When you come to the line with "Lórúgás miatt riasztották", begin repeating; continue exactly through the final line of the records and include nothing from before.

Brief descriptive captions
⁂
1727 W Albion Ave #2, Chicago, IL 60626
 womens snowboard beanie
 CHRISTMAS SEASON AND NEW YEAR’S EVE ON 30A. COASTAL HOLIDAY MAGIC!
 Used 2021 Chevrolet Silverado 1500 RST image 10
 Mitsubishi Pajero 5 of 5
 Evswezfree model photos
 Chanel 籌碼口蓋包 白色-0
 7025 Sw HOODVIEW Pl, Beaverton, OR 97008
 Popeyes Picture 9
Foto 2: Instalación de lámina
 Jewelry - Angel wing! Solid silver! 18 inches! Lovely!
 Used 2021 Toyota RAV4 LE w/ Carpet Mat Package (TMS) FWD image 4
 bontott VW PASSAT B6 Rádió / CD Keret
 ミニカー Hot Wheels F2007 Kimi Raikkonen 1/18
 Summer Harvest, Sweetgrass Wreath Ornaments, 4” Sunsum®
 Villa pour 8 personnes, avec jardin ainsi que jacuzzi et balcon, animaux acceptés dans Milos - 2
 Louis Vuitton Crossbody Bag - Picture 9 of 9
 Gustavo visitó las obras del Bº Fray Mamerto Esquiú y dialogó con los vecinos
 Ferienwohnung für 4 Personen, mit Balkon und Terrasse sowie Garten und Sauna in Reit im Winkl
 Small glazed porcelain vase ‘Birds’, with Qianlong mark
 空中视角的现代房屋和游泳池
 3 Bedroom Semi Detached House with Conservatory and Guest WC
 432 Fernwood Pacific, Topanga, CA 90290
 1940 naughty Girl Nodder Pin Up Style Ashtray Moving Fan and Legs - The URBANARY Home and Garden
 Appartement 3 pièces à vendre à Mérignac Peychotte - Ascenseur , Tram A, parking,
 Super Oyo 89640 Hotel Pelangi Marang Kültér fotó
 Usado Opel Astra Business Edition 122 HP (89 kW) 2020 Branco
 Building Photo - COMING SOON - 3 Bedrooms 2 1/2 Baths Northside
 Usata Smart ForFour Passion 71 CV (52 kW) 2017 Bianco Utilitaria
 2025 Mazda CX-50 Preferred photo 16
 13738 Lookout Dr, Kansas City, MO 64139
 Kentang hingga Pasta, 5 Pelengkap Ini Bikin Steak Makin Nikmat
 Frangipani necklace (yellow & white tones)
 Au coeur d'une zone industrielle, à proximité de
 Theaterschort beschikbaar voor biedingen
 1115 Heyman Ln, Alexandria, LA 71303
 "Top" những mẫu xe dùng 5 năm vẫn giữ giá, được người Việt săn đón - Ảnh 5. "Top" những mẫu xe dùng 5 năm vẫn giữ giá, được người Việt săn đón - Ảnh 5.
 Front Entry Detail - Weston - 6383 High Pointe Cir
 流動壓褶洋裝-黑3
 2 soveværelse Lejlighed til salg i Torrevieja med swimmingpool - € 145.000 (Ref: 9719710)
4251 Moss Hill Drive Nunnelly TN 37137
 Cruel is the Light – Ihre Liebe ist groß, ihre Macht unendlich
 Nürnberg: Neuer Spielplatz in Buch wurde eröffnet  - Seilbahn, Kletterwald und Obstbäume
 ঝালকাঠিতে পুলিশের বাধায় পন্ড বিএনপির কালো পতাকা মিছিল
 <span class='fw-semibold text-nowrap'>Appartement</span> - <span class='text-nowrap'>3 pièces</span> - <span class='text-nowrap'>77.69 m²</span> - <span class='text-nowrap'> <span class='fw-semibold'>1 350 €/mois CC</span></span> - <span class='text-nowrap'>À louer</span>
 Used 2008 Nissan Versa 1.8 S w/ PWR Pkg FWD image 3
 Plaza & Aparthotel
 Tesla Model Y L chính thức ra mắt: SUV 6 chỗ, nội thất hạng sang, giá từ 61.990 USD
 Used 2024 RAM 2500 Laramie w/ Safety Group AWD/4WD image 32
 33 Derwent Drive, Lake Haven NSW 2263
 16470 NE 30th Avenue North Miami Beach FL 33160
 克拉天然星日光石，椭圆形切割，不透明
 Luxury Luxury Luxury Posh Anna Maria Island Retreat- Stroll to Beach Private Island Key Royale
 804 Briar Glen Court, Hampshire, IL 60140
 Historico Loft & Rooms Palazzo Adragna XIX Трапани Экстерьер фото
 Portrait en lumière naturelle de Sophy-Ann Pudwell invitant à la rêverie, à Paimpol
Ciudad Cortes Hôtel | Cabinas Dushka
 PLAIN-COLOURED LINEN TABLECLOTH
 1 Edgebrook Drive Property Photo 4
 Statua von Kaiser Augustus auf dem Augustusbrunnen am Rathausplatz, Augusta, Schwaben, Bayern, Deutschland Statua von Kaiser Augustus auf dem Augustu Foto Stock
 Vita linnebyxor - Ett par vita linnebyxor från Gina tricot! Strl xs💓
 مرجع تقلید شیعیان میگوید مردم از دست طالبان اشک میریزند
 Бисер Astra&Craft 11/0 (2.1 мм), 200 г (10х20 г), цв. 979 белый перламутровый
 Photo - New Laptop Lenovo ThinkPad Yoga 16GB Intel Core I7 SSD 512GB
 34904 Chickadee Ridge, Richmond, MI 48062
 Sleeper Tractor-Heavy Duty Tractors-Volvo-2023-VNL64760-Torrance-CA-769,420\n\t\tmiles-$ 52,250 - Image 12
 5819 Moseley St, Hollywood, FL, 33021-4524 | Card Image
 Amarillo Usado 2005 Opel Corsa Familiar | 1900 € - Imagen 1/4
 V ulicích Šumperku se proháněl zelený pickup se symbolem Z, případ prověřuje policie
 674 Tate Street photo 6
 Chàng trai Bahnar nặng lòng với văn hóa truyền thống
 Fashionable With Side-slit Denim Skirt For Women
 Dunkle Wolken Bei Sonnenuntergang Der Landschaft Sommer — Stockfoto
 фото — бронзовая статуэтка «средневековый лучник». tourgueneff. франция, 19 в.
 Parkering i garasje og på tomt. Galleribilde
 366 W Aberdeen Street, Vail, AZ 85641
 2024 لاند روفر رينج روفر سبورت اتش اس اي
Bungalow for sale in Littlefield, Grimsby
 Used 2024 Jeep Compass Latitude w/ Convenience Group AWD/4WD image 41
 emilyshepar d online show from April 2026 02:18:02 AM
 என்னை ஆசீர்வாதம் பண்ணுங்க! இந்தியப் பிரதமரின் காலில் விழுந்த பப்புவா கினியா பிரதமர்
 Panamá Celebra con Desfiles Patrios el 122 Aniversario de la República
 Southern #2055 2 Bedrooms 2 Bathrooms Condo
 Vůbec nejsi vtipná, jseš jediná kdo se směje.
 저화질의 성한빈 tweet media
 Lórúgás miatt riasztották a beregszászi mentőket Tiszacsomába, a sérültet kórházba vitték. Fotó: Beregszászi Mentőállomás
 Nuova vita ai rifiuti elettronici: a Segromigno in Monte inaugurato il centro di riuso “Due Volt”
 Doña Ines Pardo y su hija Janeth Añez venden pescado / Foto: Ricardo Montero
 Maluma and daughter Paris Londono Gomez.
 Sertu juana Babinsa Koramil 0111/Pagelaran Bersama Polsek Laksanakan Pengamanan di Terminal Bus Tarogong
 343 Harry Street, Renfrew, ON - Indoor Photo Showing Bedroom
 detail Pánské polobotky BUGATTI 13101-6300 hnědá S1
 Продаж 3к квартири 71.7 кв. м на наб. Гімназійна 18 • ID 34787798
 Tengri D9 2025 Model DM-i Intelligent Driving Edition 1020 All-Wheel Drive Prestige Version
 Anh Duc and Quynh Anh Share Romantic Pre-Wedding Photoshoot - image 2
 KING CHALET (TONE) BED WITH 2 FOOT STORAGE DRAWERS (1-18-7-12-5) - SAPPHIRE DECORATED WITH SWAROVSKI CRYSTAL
⁂
> [SOLVED EXERCISE]
 Lórúgás miatt riasztották a beregszászi mentőket Tiszacsomába, a sérültet kórházba vitték. Fotó: Beregszászi Mentőállomás
 Nuova vita ai rifiuti elettronici: a Segromigno in Monte inaugurato il centro di riuso “Due Volt”
 Doña Ines Pardo y su hija Janeth Añez venden pescado / Foto: Ricardo Montero
 Maluma and daughter Paris Londono Gomez.
 Sertu juana Babinsa Koramil 0111/Pagelaran Bersama Polsek Laksanakan Pengamanan di Terminal Bus Tarogong
 343 Harry Street, Renfrew, ON - Indoor Photo Showing Bedroom
 detail Pánské polobotky BUGATTI 13101-6300 hnědá S1
 Продаж 3к квартири 71.7 кв. м на наб. Гімназійна 18 • ID 34787798
 Tengri D9 2025 Model DM-i Intelligent Driving Edition 1020 All-Wheel Drive Prestige Version
 Anh Duc and Quynh Anh Share Romantic Pre-Wedding Photoshoot - image 2
 KING CHALET (TONE) BED WITH 2 FOOT STORAGE DRAWERS (1-18-7-12-5) - SAPPHIRE DECORATED WITH SWAROVSKI CRYSTAL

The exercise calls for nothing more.